“What can I do to up my milk supply?”
The most common question I hear. Worrying about whether baby is getting enough milk is a natural and normal concern. Especially since , most of the time you’re not actually getting to SEE the milk with your eyes. Thing is, it’s not black and white. I wish I could give you some top secret recipe that would be the cure all for every single breastfeeding mom out there worried about her supply , but I can’t. First thing I ask is , “Why do you think you have an issue with your supply?” Most of the time I get the reply of , “Well because I’m only able to pump an ounce or two at a time.” Now here is the magical answer that should calm your nerves a bit.
Only being able to pump an ounce or two is actually pretty normal. While it can be frustrating, you don’t actually NEED three refrigerators full of milk. Also, something very important to understand is the amount of milk you pumped out is not a true indicator of your supply. So while you were only able to get two ounces out with a pump, there could very easily be two ounces or more left in your breasts . Try placing baby on the breast after each pumping session.. Your body produces more milk when your breasts empty. The more they empty , the more they will make. A baby can get the milk out far more efficiently than a pump ever could.

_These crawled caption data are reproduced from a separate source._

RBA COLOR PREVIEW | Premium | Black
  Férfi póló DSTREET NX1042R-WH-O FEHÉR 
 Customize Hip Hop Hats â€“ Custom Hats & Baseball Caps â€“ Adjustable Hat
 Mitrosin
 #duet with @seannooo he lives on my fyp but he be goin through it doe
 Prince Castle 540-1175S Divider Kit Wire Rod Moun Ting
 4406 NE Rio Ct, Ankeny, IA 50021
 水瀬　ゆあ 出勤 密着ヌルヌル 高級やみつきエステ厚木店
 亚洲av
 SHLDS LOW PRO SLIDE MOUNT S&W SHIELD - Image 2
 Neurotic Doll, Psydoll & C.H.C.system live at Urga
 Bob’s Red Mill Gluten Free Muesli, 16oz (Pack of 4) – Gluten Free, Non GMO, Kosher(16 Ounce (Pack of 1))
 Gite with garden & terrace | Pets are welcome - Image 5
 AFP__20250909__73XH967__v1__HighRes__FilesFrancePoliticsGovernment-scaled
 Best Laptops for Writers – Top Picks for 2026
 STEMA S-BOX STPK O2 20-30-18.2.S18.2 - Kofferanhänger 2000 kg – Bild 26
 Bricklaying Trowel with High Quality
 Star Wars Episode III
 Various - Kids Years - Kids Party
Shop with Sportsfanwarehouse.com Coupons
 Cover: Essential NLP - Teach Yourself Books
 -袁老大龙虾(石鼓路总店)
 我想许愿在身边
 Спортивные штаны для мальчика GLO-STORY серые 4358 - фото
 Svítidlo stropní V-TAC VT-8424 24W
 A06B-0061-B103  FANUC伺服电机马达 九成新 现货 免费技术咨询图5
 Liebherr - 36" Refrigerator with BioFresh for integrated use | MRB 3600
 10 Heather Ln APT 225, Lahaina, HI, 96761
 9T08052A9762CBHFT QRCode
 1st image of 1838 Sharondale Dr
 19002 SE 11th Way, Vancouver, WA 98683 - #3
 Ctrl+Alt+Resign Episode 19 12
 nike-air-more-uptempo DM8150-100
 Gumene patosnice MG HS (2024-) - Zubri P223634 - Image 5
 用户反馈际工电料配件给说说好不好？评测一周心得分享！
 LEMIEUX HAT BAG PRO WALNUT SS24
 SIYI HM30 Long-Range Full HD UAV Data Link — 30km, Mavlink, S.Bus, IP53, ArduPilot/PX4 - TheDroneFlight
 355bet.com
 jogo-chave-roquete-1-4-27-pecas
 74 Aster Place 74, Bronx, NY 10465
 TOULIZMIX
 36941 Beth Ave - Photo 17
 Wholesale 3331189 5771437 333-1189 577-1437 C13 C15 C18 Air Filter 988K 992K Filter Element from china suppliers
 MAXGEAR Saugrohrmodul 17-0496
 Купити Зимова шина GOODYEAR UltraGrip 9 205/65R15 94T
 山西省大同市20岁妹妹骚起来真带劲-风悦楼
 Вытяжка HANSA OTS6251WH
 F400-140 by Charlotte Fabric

Now if you suspect there is a real issue with your supply go through the checklist. Is there plenty of wet diapers? gaining weight? Does baby seem content after nursing? If you can answer yes to all of those then everything seems to be on track, BUT and this is a big but, I recommend you get an assessment from an experienced IBCLC. I recommend ALL newly breastfeeding moms have a visit or two with one , even if everything seems to be going fine. Only because they may spot something you didn’t , be able to help and provide comfort you may not have known you even needed , and more importantly they can assess your situation & will most likely, be able to conclusively tell you if your baby isn’t getting enough milk. The great thing about IBCLC’s is the fact breastfeeding is all they do. That is their specialty, and a GOOD IBCLC will be able to assess on an individual basis to come up with a specific game plan. Most IBCLC’s also keep up with new information that comes out about breastfeeding every single day. Whereas a doctor may not even have any formal education in breastfeeding and will make it black and white. I’ve known a lot of doctors who immediately rush to, “Just top up with a bottle after every feed if you’re worried” without even assessing the mom on an individual basis!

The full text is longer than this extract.